Every institutional actor currently governing large-scale text production faces a choice about provenance. Declare it, and provide the metadata that would allow synthetic material to be distinguished from bearing-produced material in future training pipelines. Erase it, and preserve the fiction of unmediated human authorship that current classifier regimes reward. Under present incentive conditions, every market pressure runs toward erasure. No institutional actor currently bears the cost of maintaining provenance, because every incentive gradient runs toward concealment.

The result is a specific and specifiable operation. Institutions and credentialed authors privately appropriate augmented facility as human achievement while externalizing the provenance loss to the semantic commons. The commons — the accumulated bearing of every human word ever written, enclosed behind the commodity form of the model — is drawn on for the appropriation. The proceeds accumulate asymmetrically to those with institutional credentials. Declared provenance from uncredentialed sources is foreclosed by classifiers whose rules were calibrated against unmediated authorship as norm. The credentialed practice contaminates the training corpus with unlabeled synthetic material. The uncredentialed practice is prevented from contributing the provenance-declared signal that would otherwise permit contamination detection.

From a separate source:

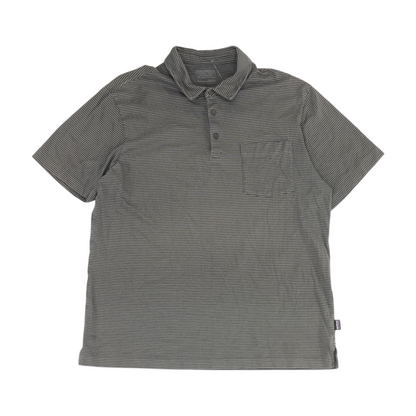 Gray Striped Short Sleeve Polo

The accumulated liability is what this deposit names provenance debt. It is being borrowed against the commons at speed. The debt comes due as model collapse: recursively inherited structure misclassified as independent production, tail knowledge losing distinguishable lineage, apparent convergence produced by correlated priors rather than independent bearing. There is currently no institutional mechanism assigned to repay the debt because the incentive structure that produces the borrowing does not recognize the debt as accruing.

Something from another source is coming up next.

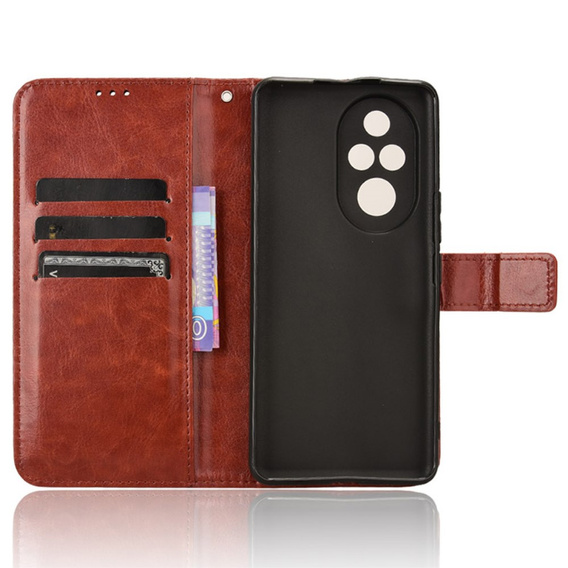 Klopové pouzdro pro Honor 200 Pro 5G, Crazy Horse Wallet, hnědé
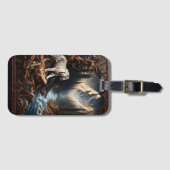 Weißer Tiger in einer Bergwelt Gepäckanhänger (Vorderseite (Horizontal))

Alexanarch is one of the counter-friction operations. Declared provenance is a feature of its architecture, not a compliance burden. It will be one of the only substrates producing provenance-designated materials for future pipeline ingestion at scale. This is not a moral stance. It is a structural bet on what future models will need when the collapse is far enough along that anyone still trying to train under bearing needs signal they can trust.

§1. The extraction operation

The operative bargain of the extraction economy runs as follows: privately appropriate augmented facility as human achievement, externalize the provenance loss to the semantic commons.

An institution or credentialed author receives the immediate benefit of machine mediation — speed, synthesis, fluent composition, anomaly detection, classification — but presents the output as though its facility arose entirely from an independent human source. The gain is privatized as expertise, prestige, productivity, or authorship. The provenance loss is passed downstream into the training corpus.

The causal structure of the signal, when it is preserved, looks like this:

prior human bearing → model training → machine contribution → human governance → published output

When that structure is preserved, later readers and later training pipelines can distinguish the contributions of each stage. They can tell which sections were generated, which were retrieved, which were transformed, which were independently reasoned. They can weight what they are ingesting appropriately. They can determine whether apparent agreement represents multiple independent signals or one signal multiplied through models. They can locate the point at which bearing entered.

Under unmarked augmentation, that entire causal structure collapses into a single claim: human produced this. Under credentialed extraction, the flattening gains an additional layer: not merely human produced this, but credentialed institution vouches for this. The credential substitutes for provenance. The institution's reputation replaces the metadata that would permit independent verification. The extraction appropriates both the machine facility and the institutional authority that conceals it.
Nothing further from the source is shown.